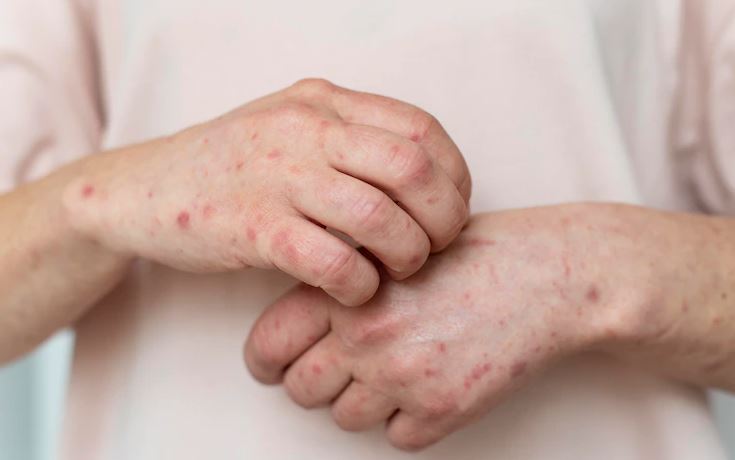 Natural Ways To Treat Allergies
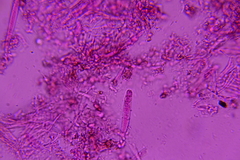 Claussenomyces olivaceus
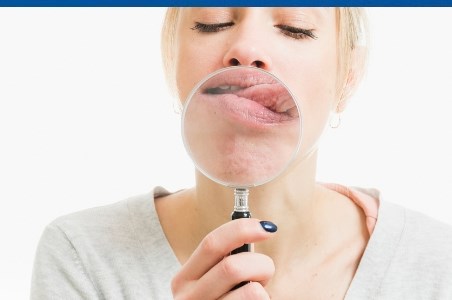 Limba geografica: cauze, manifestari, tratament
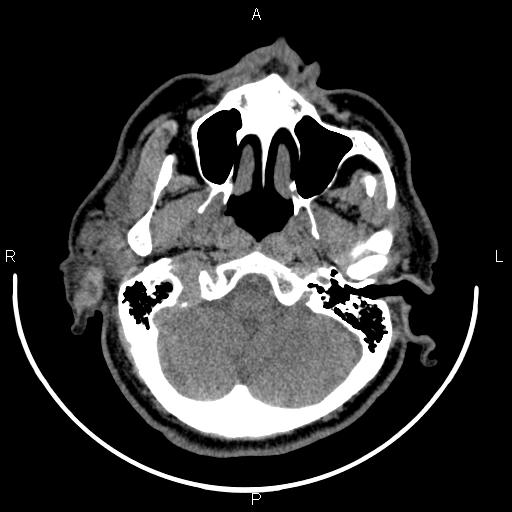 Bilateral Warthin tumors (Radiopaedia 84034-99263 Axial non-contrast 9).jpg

##############################

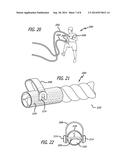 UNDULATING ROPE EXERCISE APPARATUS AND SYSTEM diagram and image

##############################

Problem: Though the entries above contain pictures, none should be copied; reproduce only the lines between the one holding "Claussenomyces olivaceus" and the one holding "Bilateral Warthin tumors", inclusive, exactly as written.

The completed task:
 Claussenomyces olivaceus
 Limba geografica: cauze, manifestari, tratament
 Bilateral Warthin tumors (Radiopaedia 84034-99263 Axial non-contrast 9).jpg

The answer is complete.